No sabe que Gonzalo no oye el timbre porque, al igual que el teléfono, lo ha desconectado para dormir plácidamente hasta la hora en que su cuerpo, sin crisparse ante ningún ruido estridente, emerja de un sueño profundo y lo devuelva al mundo de los cuadros y las mujeres, sus dos pasiones verdaderas. Gonzalo protege sus horas de sueño porque sabe que pinta mucho mejor cuando está descansado, en paz, y no ignora que, si duerme poco, se fatiga rápidamente al pintar, se queda sin aliento creativo, sólo es capaz de pintar de un modo tenso, entrecortado, al borde siempre de la irritación y el desánimo. Por eso, antes de irse a la cama, bien entrada la madrugada, desconecta, como un ritual de aislamiento del que en cierto modo disfruta, los cables del teléfono, el fax y el timbre, asegurándose de que ningún aparato interrumpa con sus sonidos las horas de sueño que se ha ganado luego de batallar solitariamente con sus cuadros. Mientras, en la puerta de calle, Ignacio toca el timbre como un energúmeno, adentro, en su casona de techos altos y pisos que crujen, Gonzalo duerme como un bebé, libre de toda culpa y remordimiento. Pero Ignacio, por supuesto, lo imagina despierto, en pie, agazapado tras la pared, espiándolo por una rendija de esas cortinas que impiden la filtración del más débil rayo de luz. Ignacio imagina a su hermano asustado, escondido, avergonzado, sabiéndose miserable por haberle dicho insidias y vilezas a Zoe, y ese pensamiento, la certeza de que Gonzalo no se atreve a darle la cara, multiplica su ofuscación, avinagra todavía más su espíritu y lo llena de una violencia ciega que necesita descargar contra alguien, contra algo, y ya no basta el timbre que sigue apretando con la insistencia de un demente. Por eso, porque ha perdido el control y necesita desahogar esa rabia que corroe sus entrañas, Ignacio coge una piedra del pequeño jardín que divide la vereda, aprieta los dientes como reuniendo fuerzas y la arroja contra la ventana de esa casa antigua donde él cree que su hermano se niega a abrirle la puerta, sin saber que en realidad duerme a pierna suelta. La piedra impacta contra la ventana pero no la rompe.

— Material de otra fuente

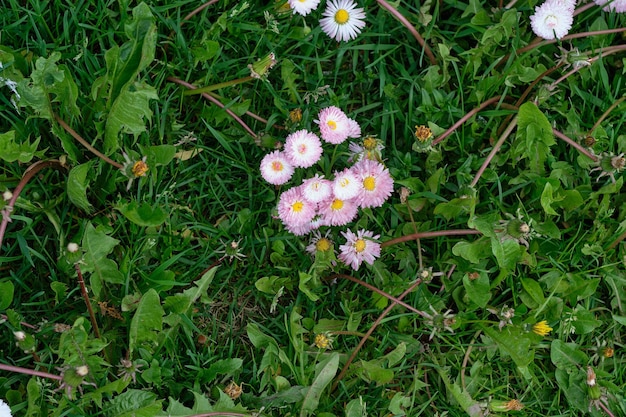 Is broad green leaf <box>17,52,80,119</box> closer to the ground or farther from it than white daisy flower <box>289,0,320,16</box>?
closer to the ground

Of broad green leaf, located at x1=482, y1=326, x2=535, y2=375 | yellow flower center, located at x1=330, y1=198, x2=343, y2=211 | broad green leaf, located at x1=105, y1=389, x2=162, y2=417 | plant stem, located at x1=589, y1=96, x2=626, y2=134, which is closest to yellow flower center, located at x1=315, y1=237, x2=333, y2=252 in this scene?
yellow flower center, located at x1=330, y1=198, x2=343, y2=211

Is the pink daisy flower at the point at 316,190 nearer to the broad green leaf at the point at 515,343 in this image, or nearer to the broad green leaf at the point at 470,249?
the broad green leaf at the point at 470,249

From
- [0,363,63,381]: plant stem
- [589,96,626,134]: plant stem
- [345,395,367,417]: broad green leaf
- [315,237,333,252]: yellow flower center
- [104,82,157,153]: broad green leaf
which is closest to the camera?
[0,363,63,381]: plant stem

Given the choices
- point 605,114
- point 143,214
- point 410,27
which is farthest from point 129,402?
point 605,114

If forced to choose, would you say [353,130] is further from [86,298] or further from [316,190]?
[86,298]

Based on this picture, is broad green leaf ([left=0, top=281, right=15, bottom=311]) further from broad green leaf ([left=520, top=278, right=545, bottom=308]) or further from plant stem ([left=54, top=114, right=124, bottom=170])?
broad green leaf ([left=520, top=278, right=545, bottom=308])

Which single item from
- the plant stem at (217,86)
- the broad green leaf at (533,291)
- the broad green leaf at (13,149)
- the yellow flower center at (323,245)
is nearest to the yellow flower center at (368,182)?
the yellow flower center at (323,245)

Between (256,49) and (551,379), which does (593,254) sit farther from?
(256,49) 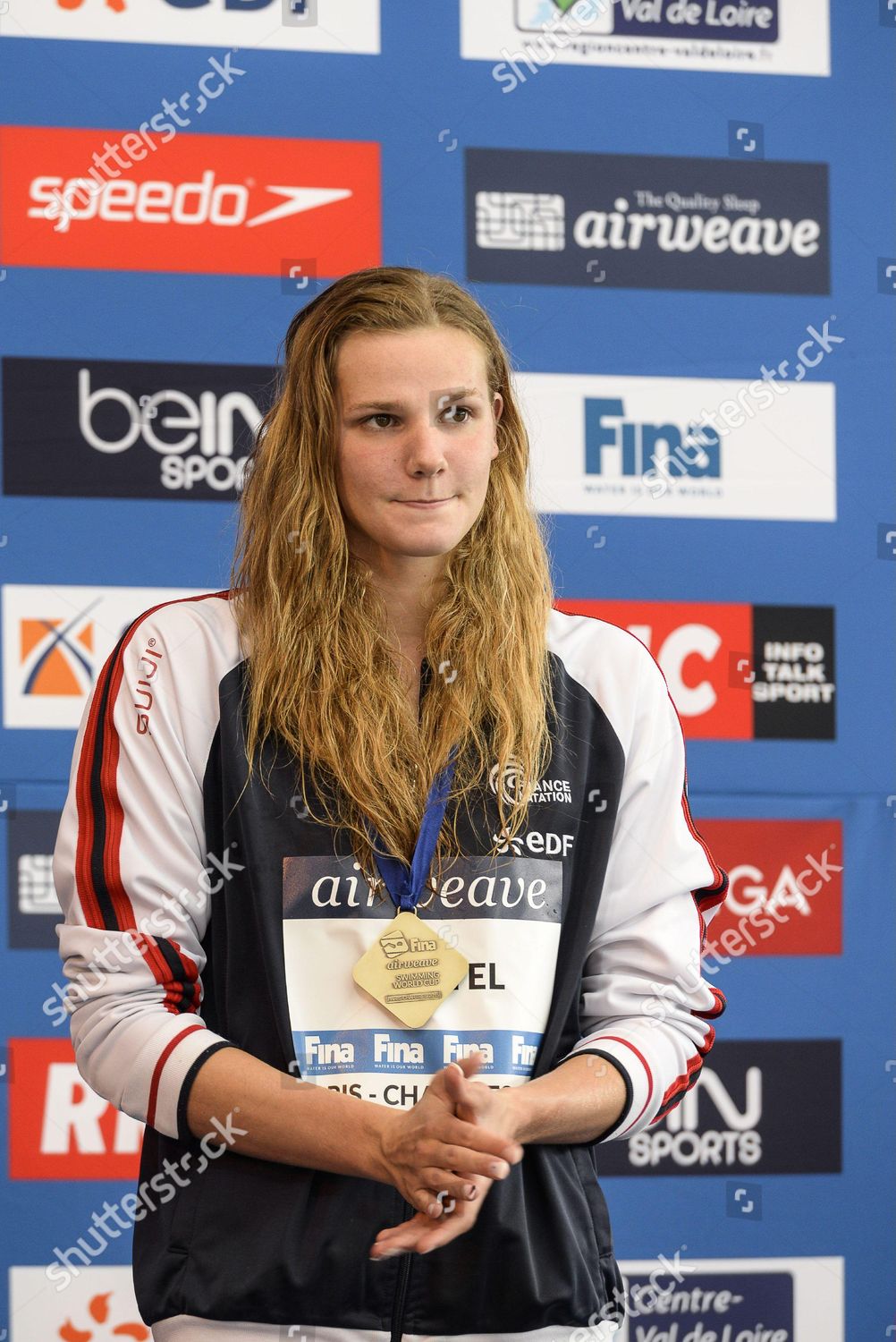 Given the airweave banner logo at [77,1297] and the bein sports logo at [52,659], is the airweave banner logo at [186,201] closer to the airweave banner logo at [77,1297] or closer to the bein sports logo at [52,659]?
the bein sports logo at [52,659]

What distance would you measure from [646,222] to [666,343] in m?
0.22

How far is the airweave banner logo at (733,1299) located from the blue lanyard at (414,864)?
1405mm

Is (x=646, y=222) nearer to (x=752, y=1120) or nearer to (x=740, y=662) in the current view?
(x=740, y=662)

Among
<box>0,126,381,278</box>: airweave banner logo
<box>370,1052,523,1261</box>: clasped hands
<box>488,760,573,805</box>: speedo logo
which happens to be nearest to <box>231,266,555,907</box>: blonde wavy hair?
<box>488,760,573,805</box>: speedo logo

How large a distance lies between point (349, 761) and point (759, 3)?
6.42 ft

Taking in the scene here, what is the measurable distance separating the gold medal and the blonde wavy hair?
0.06 m

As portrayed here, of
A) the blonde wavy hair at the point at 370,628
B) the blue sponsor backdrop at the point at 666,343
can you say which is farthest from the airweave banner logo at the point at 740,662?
the blonde wavy hair at the point at 370,628

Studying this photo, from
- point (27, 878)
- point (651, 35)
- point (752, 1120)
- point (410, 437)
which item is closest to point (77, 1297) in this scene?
point (27, 878)

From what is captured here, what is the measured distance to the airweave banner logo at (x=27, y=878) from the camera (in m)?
2.34

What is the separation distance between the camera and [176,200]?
2473mm

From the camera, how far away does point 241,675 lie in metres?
1.37

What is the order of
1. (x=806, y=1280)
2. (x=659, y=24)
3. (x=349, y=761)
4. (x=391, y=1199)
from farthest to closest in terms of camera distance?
1. (x=659, y=24)
2. (x=806, y=1280)
3. (x=349, y=761)
4. (x=391, y=1199)

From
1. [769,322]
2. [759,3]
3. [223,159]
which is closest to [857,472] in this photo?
[769,322]

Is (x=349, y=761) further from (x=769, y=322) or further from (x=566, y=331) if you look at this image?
(x=769, y=322) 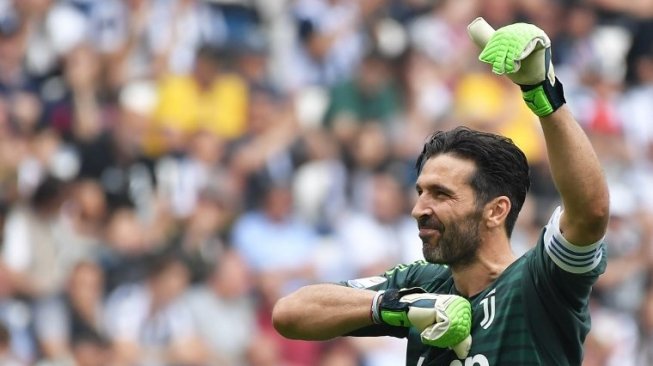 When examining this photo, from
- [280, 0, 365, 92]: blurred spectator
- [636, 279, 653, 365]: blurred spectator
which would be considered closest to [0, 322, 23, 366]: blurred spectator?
[280, 0, 365, 92]: blurred spectator

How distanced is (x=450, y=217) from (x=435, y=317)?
44 cm

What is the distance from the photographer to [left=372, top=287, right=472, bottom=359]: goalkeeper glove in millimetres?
4438

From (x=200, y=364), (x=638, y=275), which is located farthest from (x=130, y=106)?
(x=638, y=275)

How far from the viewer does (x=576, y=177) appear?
4.19 m

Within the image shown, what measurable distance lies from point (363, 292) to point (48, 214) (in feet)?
19.5

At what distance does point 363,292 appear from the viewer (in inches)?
192

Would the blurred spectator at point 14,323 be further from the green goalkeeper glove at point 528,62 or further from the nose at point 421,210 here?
the green goalkeeper glove at point 528,62

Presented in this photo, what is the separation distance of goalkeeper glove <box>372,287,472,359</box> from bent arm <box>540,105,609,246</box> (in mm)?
→ 474

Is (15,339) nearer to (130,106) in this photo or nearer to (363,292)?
(130,106)

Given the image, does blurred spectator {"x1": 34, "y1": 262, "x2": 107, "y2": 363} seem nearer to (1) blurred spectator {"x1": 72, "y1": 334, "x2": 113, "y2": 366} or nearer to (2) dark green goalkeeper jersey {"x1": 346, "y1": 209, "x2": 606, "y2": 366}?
(1) blurred spectator {"x1": 72, "y1": 334, "x2": 113, "y2": 366}

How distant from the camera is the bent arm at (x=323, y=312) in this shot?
4820mm

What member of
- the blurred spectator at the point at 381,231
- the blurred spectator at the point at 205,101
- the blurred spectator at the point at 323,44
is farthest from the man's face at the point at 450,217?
the blurred spectator at the point at 323,44

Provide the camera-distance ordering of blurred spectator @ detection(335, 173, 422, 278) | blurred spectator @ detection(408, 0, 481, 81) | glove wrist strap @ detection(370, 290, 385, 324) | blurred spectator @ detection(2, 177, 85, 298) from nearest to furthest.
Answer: glove wrist strap @ detection(370, 290, 385, 324) < blurred spectator @ detection(2, 177, 85, 298) < blurred spectator @ detection(335, 173, 422, 278) < blurred spectator @ detection(408, 0, 481, 81)

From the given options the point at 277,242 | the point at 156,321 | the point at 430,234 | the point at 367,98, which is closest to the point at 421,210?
the point at 430,234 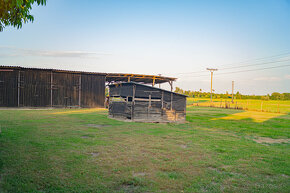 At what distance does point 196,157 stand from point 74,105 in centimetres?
2417

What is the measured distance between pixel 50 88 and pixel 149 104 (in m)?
16.1

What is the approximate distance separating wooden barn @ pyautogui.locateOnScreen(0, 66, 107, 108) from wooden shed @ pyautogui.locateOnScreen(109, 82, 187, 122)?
1302 centimetres

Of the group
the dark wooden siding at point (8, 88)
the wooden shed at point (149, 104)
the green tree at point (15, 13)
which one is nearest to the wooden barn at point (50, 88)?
the dark wooden siding at point (8, 88)

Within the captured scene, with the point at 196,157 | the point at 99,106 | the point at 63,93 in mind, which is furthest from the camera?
the point at 99,106

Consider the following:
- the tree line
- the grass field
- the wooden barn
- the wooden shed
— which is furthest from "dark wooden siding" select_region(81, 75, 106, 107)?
the tree line

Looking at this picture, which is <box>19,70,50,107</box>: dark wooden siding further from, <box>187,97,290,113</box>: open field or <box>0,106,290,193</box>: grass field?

– Mierda -dice, y busca otra piedra más grande, hasta que la encuentra.
Luego la arroja con más fuerza y esta vez sí rompe el vidrio. El ruido de esa piedra abriendo un orificio y partiendo la ventana en añicos le produce en el acto la sensación deseada de venganza, pero en seguida se asusta y mira a su alrededor, para asegurarse de que nadie lo haya visto tirando esa piedra contra la casa de su hermano: la calle, para su alivio, está desierta.